- WORK TO BE COMPLETED
The data below holds the lines to copy: everything from the line containing "酒精湿巾棉片便携式独立小包装一次性免洗湿纸巾批发便携独立装详情3" to the line containing "중대장은 실망했다 - 50화 하계 휴양 3", both ends included, set down exactly.

- DATA PROVIDED
********************

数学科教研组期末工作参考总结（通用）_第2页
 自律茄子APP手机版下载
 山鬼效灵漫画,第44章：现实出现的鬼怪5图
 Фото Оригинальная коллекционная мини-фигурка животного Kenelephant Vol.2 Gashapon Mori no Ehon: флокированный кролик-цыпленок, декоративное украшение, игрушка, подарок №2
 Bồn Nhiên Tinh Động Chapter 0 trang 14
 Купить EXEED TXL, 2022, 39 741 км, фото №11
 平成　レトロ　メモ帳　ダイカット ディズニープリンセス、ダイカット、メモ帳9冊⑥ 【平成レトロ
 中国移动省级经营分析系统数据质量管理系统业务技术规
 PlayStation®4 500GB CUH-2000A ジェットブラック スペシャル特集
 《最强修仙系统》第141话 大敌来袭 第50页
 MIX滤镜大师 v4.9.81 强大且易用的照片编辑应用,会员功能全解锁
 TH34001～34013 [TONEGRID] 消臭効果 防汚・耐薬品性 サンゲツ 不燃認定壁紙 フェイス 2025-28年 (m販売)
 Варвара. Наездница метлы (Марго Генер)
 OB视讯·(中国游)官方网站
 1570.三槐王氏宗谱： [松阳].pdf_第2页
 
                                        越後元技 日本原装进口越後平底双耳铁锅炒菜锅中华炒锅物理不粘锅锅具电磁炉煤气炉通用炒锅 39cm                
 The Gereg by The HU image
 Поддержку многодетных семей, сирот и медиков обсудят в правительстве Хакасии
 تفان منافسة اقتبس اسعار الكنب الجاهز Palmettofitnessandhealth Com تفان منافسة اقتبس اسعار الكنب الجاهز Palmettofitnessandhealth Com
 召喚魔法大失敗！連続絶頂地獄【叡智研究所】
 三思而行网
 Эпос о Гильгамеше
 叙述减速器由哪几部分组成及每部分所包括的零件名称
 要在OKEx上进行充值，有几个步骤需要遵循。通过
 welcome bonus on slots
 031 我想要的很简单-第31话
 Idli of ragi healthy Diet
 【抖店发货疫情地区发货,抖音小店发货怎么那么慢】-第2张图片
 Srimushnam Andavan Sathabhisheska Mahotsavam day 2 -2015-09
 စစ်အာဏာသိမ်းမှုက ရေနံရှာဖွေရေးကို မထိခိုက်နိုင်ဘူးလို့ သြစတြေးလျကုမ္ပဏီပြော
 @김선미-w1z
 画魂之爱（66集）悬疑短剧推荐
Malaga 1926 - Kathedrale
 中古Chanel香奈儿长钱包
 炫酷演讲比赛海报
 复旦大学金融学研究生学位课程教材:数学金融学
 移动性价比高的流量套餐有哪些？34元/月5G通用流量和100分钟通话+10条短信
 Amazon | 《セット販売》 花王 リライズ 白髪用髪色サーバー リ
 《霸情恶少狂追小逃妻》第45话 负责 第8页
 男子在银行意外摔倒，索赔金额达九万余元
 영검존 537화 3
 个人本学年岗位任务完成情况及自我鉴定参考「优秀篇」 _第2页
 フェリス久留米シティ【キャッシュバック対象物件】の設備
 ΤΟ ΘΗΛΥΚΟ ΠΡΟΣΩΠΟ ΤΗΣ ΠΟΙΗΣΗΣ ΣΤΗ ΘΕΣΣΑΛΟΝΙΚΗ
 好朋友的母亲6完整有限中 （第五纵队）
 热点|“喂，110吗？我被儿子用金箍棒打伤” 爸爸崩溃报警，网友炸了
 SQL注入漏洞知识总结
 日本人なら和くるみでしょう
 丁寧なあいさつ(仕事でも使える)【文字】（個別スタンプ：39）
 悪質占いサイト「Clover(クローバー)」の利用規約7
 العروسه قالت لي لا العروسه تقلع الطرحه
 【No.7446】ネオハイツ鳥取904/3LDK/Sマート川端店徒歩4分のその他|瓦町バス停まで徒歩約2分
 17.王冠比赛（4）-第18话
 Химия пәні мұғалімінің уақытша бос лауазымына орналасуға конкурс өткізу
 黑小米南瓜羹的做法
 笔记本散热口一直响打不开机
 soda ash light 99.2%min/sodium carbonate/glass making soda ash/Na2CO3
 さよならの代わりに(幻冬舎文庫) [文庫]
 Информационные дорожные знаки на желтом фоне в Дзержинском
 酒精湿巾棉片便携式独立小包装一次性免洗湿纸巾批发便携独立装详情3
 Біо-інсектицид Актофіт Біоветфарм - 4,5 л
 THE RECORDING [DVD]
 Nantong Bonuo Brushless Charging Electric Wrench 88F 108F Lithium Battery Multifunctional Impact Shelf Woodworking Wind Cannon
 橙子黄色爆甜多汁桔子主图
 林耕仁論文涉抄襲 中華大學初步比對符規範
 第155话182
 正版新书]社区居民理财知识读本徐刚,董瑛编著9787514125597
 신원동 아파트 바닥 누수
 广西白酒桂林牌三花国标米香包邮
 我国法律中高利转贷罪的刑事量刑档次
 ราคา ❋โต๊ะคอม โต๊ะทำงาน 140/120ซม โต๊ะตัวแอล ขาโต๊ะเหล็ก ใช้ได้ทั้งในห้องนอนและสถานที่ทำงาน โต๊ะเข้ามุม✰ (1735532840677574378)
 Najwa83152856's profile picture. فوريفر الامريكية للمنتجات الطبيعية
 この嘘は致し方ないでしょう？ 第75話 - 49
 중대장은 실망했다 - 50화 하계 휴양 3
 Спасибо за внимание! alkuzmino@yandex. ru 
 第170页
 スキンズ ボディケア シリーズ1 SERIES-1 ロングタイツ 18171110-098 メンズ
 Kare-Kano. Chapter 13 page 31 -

********************

- SOLUTION TO THIS EXERCISE
 酒精湿巾棉片便携式独立小包装一次性免洗湿纸巾批发便携独立装详情3
 Біо-інсектицид Актофіт Біоветфарм - 4,5 л
 THE RECORDING [DVD]
 Nantong Bonuo Brushless Charging Electric Wrench 88F 108F Lithium Battery Multifunctional Impact Shelf Woodworking Wind Cannon
 橙子黄色爆甜多汁桔子主图
 林耕仁論文涉抄襲 中華大學初步比對符規範
 第155话182
 正版新书]社区居民理财知识读本徐刚,董瑛编著9787514125597
 신원동 아파트 바닥 누수
 广西白酒桂林牌三花国标米香包邮
 我国法律中高利转贷罪的刑事量刑档次
 ราคา ❋โต๊ะคอม โต๊ะทำงาน 140/120ซม โต๊ะตัวแอล ขาโต๊ะเหล็ก ใช้ได้ทั้งในห้องนอนและสถานที่ทำงาน โต๊ะเข้ามุม✰ (1735532840677574378)
 Najwa83152856's profile picture. فوريفر الامريكية للمنتجات الطبيعية
 この嘘は致し方ないでしょう？ 第75話 - 49
 중대장은 실망했다 - 50화 하계 휴양 3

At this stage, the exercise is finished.